Federal prosecutors have charged Robert B. Westbrook, a UK national, for his alleged involvement in a “hack-to-trade” scheme that reportedly generated $3.75 million in illicit stock trades. This operation involved unauthorized access to the Office365 email accounts of various executives at publicly traded companies, allowing Westbrook to acquire confidential quarterly financial reports prior to their public release. The case was brought forward by the U.S. Attorney’s Office for the District of New Jersey, highlighting the risks of cyber vulnerabilities within corporate communications systems.
The prosecution highlights that between 2019 and 2020, Westbrook capitalized on insider information to execute trades, effectively profiting off material non-public disclosures. By obtaining access to these accounts, he was able to trade stocks based on financial data that had yet to be disclosed to the market, thereby gaining an unfair advantage. The U.S. Securities and Exchange Commission has also filed a separate civil action against him, seeking financial penalties and the return of his profits from these transactions.
According to a federal indictment filed in the U.S. District Court for the District of New Jersey, Westbrook executed these breaches by exploiting Microsoft’s password reset feature for Office365. Once he compromised the email accounts of five executives, he allegedly set up automatic email forwarding rules to direct incoming correspondence to an email address he controlled, facilitating ongoing access to confidential information.

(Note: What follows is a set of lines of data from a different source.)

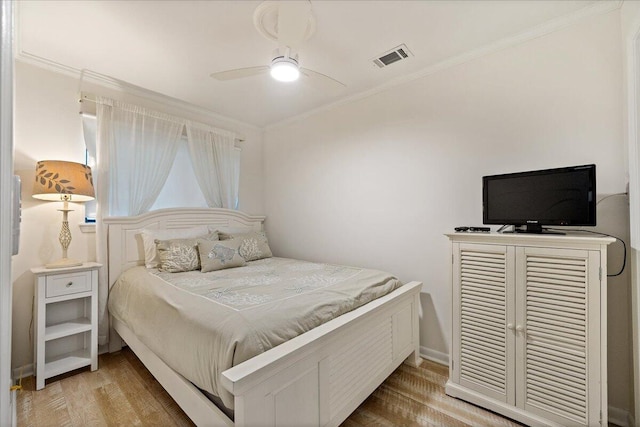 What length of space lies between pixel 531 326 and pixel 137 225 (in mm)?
3284

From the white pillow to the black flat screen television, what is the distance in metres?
2.68

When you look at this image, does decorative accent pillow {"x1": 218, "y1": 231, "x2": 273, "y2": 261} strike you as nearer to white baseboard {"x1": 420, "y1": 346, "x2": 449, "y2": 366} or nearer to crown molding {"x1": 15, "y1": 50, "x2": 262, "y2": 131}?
crown molding {"x1": 15, "y1": 50, "x2": 262, "y2": 131}

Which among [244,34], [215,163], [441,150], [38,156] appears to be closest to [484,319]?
[441,150]

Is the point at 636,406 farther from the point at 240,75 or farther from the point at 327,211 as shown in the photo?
the point at 240,75

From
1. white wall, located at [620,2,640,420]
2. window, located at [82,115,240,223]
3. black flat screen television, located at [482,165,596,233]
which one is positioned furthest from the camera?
window, located at [82,115,240,223]

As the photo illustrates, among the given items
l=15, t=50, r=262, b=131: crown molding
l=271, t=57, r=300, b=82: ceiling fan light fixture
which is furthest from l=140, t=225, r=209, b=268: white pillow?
l=271, t=57, r=300, b=82: ceiling fan light fixture

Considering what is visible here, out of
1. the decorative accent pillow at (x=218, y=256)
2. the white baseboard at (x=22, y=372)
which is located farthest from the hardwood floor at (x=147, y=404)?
the decorative accent pillow at (x=218, y=256)

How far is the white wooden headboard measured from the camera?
260cm

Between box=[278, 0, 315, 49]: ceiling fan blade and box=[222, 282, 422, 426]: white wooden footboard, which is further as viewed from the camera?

A specific incident highlighted in the indictment illustrates how Westbrook accessed an executive’s email account by initiating an unauthorized password reset. During this breach, he established a rule that automatically forwarded all emails from the compromised account to his own, which included sensitive financial information revealing a decline in quarterly sales for one of the companies. This demonstrates the severity of the threat posed by unauthorized access to corporate email accounts and the sophisticated methods employed by cybercriminals to maintain their foothold.
The tactics employed by Westbrook resonate with several adversary techniques documented in the MITRE ATT&CK framework. Initially, he achieved access through exploiting the password reset mechanism, showcasing the tactic of initial access. Furthermore, his establishment of email forwarding rules indicates persistence, allowing him to continue harvesting data without being detected. The potential for privilege escalation is also present, as accessing high-level executives’ communications can lead to further breaches across the organization.
This case underscores the critical need for robust cybersecurity measures among organizations, particularly those handling sensitive financial data. The ongoing efforts by regulatory bodies, such as the SEC, reflect a commitment to protecting investors and markets from cyber fraud. By utilizing advanced data analytics and technology, these organizations are enhancing their capabilities to detect and combat sophisticated cyber threats.
As cyber threats become increasingly sophisticated, business owners must remain vigilant and proactive in safeguarding their digital infrastructures. The Westbrook case serves as a reminder of the potential vulnerabilities that can exist within corporate email systems and the devastating financial implications of insider trading based on hacked data.